The story of Jesus goes on to say that he rose from the dead three days later, spent some time appearing to people, setting up the big finale. The final scene in at least two of the four versions of the story have Jesus giving one last address before promptly ascending into the sky to be with God in heaven. With such an epic closing scene, you know there has to be a real zinger that Jesus leaves the people with. There are slightly different versions of these closing remarks depending on which book you’re reading so here are the two versions:
Go to the people of all nations and make them my disciples. Baptize them in the name of the Father, the Son, and the Holy Spirit, and teach them to do everything I have told you. I will be with you always, even until the end of the world. (Matthew 28:19–20, CEV)
Go and preach the good news to everyone in the world. (Mark 16:15)

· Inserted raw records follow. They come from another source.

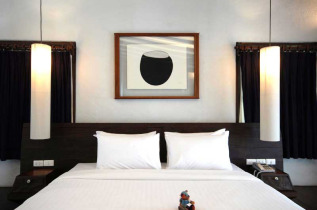 Thailande - Chiang Mai - Banthai Village - Superior Room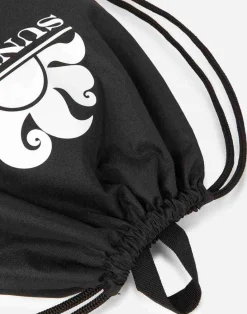 SUNDEK SUNDEK IRVINE - ZAINO SACCA IN NYLON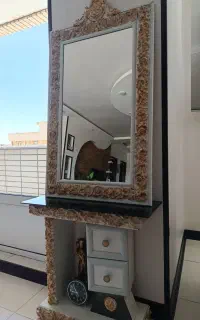 ویترین اینه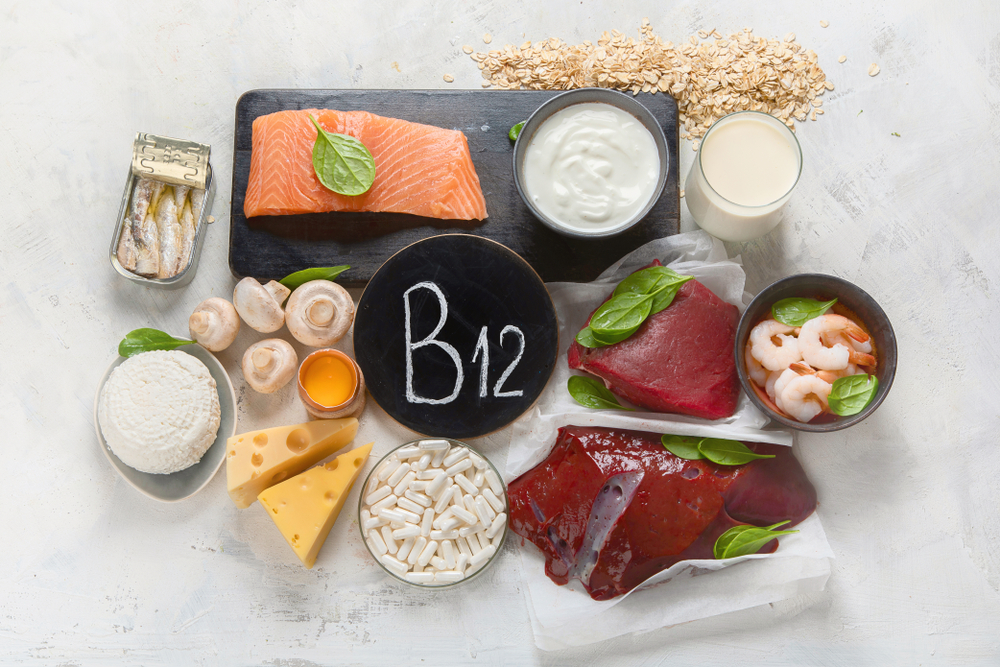 Vitamine B12 et mémoire : cette surprenante connexion que vous devez connaître !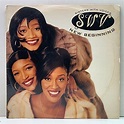 SWV / New Beginning (LP) / RCA | WAXPEND RECORDS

This good news line has always been curious to me. Christians often use this phrase interchangeably with the concept of gospel as a way to quickly reference the essence of what Jesus was trying to accomplish. It’s Jesus’ thesis statement. It’s the message that he came to share. If we’re completely honest, it’s our interpretation of what Jesus came to do. We have four short books that capture some of the ideas of Jesus but even these were likely written many years after his death. It’s really complicated to understand the full impact of the Jesus’ story because we are not first century, middle-eastern Jews living under the double oppression of a foreign empire and a religious system that privileged those in power. What Christians call gospel is also wrapped up in two thousand or so years or interpretation, bias, corruption, redemption, experimentation, power, and merging with other philosophies.
Here’s what most Christians would say this good news largely looks like today. God wants to be close and connected to God’s people but because we have sin – and God hates sin –, God cannot be around us. God sent Jesus to Earth to be a sacrifice, thereby giving us all the opportunity to take advantage of the free offer to be freed from this evil and to be eligible to get into heaven when we die. Many Christians believe that if you believe in this and you ask for forgiveness, then you’re covered and an eternal fire insurance plan kicks in. When people say, “Do you know Jesus?” or “Are you saved?” this is what they’re asking about.

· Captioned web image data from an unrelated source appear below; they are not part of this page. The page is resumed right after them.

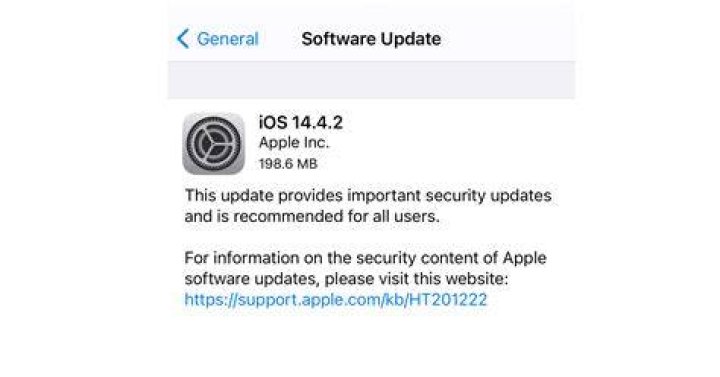 Apple releases iOS fix for THIRTEENTH zeroday vulnerability that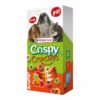 Versele-Laga Crispy Crunchies Fruit Biscuits for Rabbits & Rodents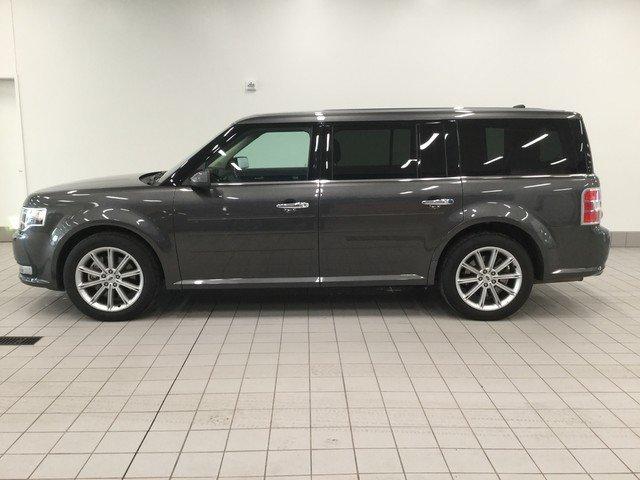 used 2018 ford flex awd limited anchorage, ak 99518 for sale in anchorage, alaska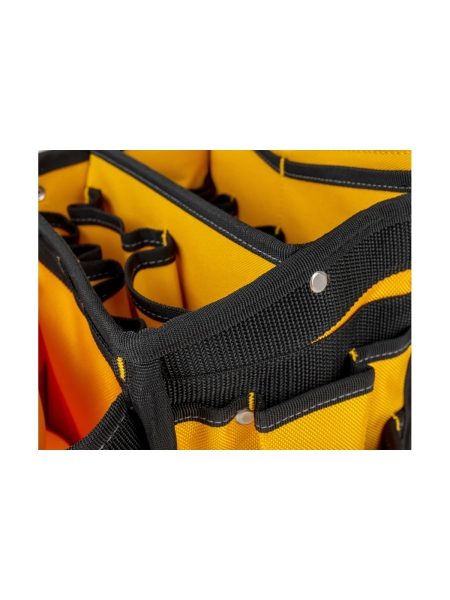 Сумка-органайзер для инструмента 29 карманов Inforce 11-25-14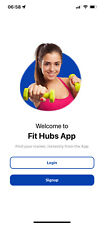 Fitness app business for sale  Haines City
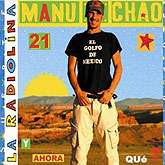 Video: Manu Chao nudi zabavu koja se ne propušta!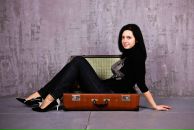 Фотография Хвостиковой Ольги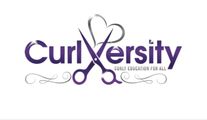 Curlversity logo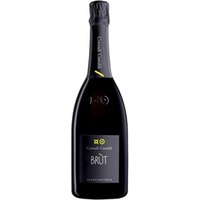 Franciacorta Brut DOCG - Contadi Castaldi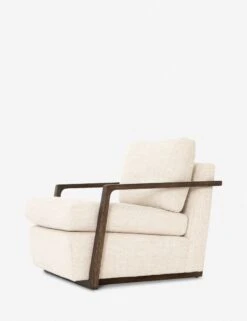 Vanna Accent Chair -Lulu And Georgia Shop CGRY 01907 663P DET 1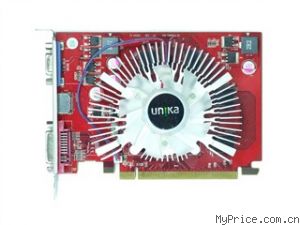 UNIKA˫ HD4670 V512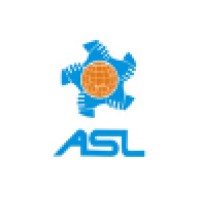 ASL Logo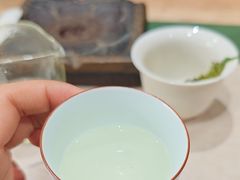 -先春西湖龍井•九曲红梅(杭大路店)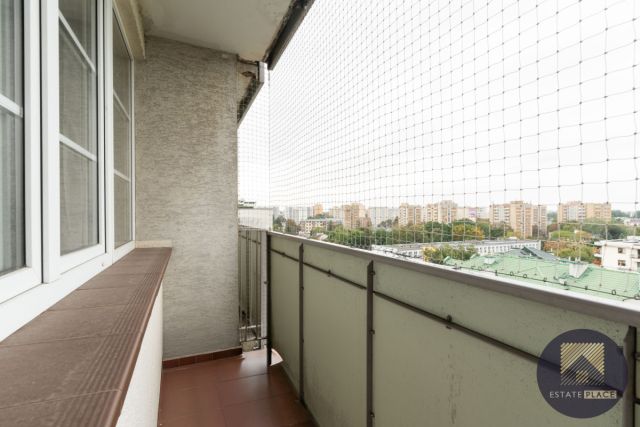Mieszkanie 2-pokojowe Warszawa Wola, ul. Księcia Janusza. Zdjęcie 14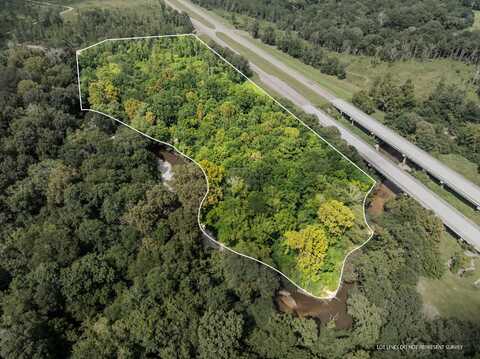 11.0 MOL AC I-45, Shubuta, MS 39360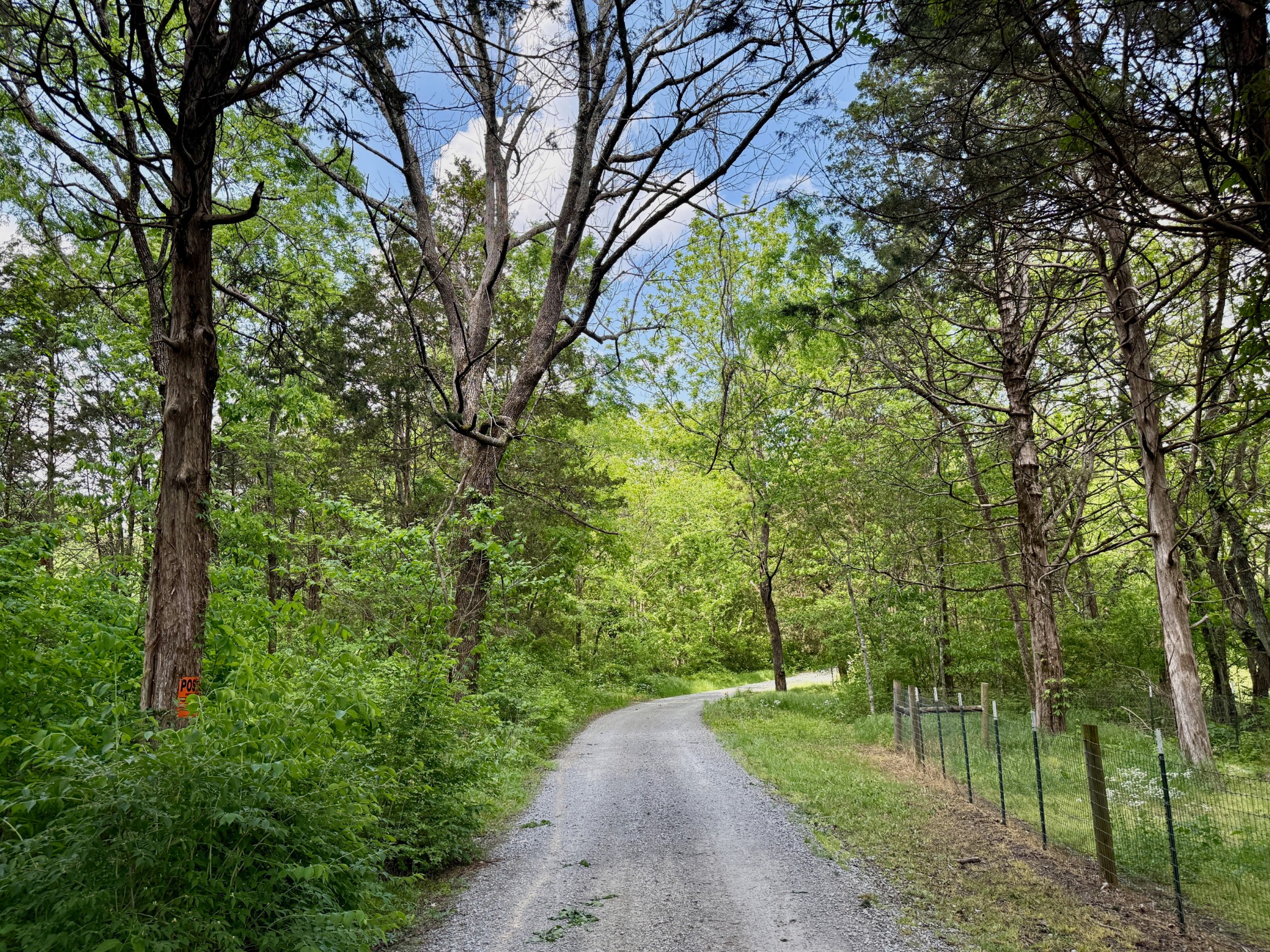 1933B Chicken Rd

Some people say that Jesus is their personal savior.
You might wonder why Christians would ask questions like these? Likely, it goes back to Jesus’ parting words: “Go to people of all nations and make them my disciples.” Christians, especially evangelicals, believe they are obligated to share the story of Jesus as they understand it with anyone who does not believe or hasn’t yet heard about Jesus. They are the heavenly fire insurance sales force. Some evangelicals joke that there will be jewels in their crown depending on how many people they bring into the fold. They take this very seriously. Some of them use bull horns. Most, though, are just normal everyday folks who believe in a certain story.
I should also say that I know a lot of evangelicals. They don’t do this because they’re hateful people. Most of them are not. Because of what they believe will happen at the end of time – sinners will burn forever in hell – one of the most loving things that they can do is to convince you of your need for Jesus. If I believed that raindrops falling from the sky could kill you, one of the most loving things I could do would be to give umbrellas to everyone that I met. I might also advocate for building entire bubbles around communities or proposing legislation that required all people to stay inside on cloudy days. It might be misguided or based on bad information, but it’s hard to call it hateful.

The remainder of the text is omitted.